◆ INFORMATION GIVEN
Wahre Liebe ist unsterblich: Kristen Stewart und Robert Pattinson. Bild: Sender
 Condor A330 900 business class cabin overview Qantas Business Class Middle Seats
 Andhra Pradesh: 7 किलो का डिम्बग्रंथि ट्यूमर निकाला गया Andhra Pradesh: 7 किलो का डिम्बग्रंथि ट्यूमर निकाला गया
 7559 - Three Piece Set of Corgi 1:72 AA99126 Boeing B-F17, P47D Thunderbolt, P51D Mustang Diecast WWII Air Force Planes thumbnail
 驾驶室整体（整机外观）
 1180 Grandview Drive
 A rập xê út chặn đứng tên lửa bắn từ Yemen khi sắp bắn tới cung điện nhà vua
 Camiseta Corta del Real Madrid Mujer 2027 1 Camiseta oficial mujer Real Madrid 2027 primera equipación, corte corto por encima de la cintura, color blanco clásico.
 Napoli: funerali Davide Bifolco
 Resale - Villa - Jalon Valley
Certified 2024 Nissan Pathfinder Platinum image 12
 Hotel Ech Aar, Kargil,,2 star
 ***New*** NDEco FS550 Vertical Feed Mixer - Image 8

◆ WHAT YOU WILL DO
Using the listing above, print the line containing "驾驶室整体（整机外观）" and every line after it exactly, up to and including the last.

◆ RESULT OF THIS EXERCISE
 驾驶室整体（整机外观）
 1180 Grandview Drive
 A rập xê út chặn đứng tên lửa bắn từ Yemen khi sắp bắn tới cung điện nhà vua
 Camiseta Corta del Real Madrid Mujer 2027 1 Camiseta oficial mujer Real Madrid 2027 primera equipación, corte corto por encima de la cintura, color blanco clásico.
 Napoli: funerali Davide Bifolco
 Resale - Villa - Jalon Valley
Certified 2024 Nissan Pathfinder Platinum image 12
 Hotel Ech Aar, Kargil,,2 star
 ***New*** NDEco FS550 Vertical Feed Mixer - Image 8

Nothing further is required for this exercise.